The secret to delicious restaurant cooking is that they add way more butter-cream-salt-sugar-oil than you would ever dare to do at home. You are pretty much paying someone else to NOT tell you how much fat-salt-sugar is on your plate. These ingredients go directly to the pleasure center of your brain, and helps bring you to the conclusion that you’ve just had a great meal out. It’s cheating, actually.
This restaurant “don’t ask don’t tell” policy is universal. Unless you go with my mom, then she interrogates the waiter until he goes back to the kitchen and asks the chef EXACTLY what is in the dish and in what amounts. But not me–if I am eating in a restaurant, and not eating sushi or a salad, then I want this pure primal fat-salt-sugar hit, and I don’t want to discuss it.
When cooking at home, I wouldn’t dare add as much fat-salt-sugar as they do in a restaurant. I am conscious of keeping things healthy for my friends and family with the “special occasion” clause, otherwise known as a “treat.” Once in a while I will make this Penne al a Vodka for that at-home restaurant fat-salt-sugar hit, and I tell myself it is still slightly better for you than anything at the local Italian-American Pasta Restaurant.

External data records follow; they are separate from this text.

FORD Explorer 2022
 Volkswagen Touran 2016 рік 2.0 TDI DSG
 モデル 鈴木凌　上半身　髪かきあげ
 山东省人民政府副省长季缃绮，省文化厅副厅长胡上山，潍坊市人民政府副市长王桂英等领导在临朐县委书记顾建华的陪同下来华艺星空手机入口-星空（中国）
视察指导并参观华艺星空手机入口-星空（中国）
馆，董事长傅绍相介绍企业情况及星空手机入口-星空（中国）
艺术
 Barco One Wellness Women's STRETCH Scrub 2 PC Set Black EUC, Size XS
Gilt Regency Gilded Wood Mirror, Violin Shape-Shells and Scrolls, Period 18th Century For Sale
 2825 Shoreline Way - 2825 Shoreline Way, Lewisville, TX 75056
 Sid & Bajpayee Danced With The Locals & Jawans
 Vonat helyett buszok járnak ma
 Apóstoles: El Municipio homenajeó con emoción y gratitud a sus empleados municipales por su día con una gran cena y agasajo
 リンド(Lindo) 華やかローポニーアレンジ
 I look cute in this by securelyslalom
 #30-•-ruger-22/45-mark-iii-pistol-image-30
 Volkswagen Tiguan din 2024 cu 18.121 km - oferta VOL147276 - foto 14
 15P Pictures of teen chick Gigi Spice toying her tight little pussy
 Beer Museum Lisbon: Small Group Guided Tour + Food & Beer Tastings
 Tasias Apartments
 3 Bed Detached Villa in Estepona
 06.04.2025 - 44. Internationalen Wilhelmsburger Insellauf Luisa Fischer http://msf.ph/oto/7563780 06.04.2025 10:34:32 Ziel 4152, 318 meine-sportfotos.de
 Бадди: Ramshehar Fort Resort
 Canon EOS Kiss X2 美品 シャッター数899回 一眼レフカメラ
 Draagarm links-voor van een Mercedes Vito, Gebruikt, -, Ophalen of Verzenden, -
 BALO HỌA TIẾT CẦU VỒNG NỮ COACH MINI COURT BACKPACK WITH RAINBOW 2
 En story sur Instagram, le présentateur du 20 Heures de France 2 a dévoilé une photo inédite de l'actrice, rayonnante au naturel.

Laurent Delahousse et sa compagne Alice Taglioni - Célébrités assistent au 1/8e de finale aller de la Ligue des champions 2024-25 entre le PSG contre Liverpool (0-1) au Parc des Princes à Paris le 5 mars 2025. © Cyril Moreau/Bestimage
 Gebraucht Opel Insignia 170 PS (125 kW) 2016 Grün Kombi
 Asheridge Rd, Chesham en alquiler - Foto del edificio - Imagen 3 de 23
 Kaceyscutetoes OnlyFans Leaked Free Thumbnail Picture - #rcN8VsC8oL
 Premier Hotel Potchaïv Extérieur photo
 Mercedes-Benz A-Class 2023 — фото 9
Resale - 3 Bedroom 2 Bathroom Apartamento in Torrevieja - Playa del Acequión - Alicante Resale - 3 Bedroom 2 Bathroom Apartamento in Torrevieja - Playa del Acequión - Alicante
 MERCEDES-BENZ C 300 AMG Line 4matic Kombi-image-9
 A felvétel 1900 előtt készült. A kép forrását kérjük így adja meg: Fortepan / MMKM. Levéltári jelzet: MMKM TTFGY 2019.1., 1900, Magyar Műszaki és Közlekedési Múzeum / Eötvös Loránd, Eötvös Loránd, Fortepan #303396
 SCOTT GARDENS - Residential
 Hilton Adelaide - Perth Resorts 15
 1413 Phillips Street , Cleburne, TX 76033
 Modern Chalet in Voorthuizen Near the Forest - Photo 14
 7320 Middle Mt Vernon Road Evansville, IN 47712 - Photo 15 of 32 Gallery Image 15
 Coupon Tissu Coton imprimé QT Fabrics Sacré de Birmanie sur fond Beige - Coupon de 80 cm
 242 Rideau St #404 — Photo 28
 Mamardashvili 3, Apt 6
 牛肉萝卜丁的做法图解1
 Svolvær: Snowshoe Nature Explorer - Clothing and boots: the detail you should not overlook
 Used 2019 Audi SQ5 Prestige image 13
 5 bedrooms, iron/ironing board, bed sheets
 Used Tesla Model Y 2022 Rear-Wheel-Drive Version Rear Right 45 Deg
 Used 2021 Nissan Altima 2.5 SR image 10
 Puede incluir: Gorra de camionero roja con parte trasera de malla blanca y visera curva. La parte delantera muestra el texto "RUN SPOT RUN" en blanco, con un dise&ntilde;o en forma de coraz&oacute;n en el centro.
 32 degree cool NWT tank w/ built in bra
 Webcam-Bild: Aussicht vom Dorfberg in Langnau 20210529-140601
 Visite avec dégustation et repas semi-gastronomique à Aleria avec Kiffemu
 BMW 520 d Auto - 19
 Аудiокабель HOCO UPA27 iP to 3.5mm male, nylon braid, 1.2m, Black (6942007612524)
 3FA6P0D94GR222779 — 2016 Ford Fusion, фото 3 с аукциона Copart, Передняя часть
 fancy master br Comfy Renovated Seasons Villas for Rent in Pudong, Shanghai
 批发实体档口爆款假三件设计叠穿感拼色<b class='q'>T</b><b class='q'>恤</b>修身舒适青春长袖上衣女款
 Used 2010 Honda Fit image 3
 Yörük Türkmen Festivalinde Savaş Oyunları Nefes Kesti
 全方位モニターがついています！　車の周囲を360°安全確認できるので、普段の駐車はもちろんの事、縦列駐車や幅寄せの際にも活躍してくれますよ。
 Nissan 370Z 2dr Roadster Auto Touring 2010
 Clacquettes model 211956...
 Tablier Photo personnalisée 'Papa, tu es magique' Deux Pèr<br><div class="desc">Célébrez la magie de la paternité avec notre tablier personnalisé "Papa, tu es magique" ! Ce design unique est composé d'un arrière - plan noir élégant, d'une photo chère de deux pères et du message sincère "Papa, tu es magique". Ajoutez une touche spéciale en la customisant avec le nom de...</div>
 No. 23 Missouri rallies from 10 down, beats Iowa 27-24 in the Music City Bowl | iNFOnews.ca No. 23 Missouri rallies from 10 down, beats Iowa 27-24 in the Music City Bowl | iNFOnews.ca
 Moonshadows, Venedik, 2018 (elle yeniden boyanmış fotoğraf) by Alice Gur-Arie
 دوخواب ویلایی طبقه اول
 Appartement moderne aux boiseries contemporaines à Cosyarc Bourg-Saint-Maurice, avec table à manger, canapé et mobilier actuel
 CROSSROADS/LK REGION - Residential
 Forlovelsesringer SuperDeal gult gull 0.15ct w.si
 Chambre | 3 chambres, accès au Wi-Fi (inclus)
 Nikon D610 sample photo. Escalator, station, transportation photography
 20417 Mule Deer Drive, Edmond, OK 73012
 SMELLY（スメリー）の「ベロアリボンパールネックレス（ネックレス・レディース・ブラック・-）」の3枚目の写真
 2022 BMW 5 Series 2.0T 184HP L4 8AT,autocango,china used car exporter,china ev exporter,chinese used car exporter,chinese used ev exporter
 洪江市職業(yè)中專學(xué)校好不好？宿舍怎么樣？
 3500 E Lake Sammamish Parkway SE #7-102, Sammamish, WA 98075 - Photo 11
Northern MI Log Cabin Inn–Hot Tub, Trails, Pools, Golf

In fact, this recipe is so good, that we would never ever think to order it in a restaurant anymore because it is BETTER.
Now, I know you think I am always telling you, my loyal readers and fellow foodies, that my recipe is BEST. But I kid you not, once again, this is not just good, not just better, but the best.
As my grandmother used to tell me, “Good better best, never let it rest, until the good is better and the better best. “ And this recipe my friends is, the best.
The Best Penne al la Vodka
· 1 pound of penne pasta
· 2 tablespoons extra virgin olive oil
· 1 medium onion, diced
· 2 cloves garlic, minced
· ¼ cup vodka, any quality
· 1/8 teaspoon crushed red pepper (1/4 if you like it spicy)
· 28 ounces tomato sauce (see blog Getting Sauced, or you can use jarred such as Trader Joes’s or Barilla, (marinara, tomato basil, garlic, etc.)
· ¾ cup cream
· ½ cup shredded parmesan cheese
· ¼ cup chopped fresh basil
1. Bring a large pot of water to a boil and cook penne according to package directions.
2. Meanwhile, in large sauté pan heat the olive oil over medium heat and sauté the onion until tender. Add the minced garlic and cook for about a minute, keeping the garlic moving in the pan.
3. Add the vodka and crushed red pepper and cook until the vodka is reduced and seems to disappear.
4. Add the tomato sauce and bring to a simmer. Stir in the cream and the parmesan cheese and stir well until incorporated into the sauce.
5. When the pasta is finished cooking, drain and add it to the sauce and mix well. Add the fresh chopped basil and serve hot. Enjoy!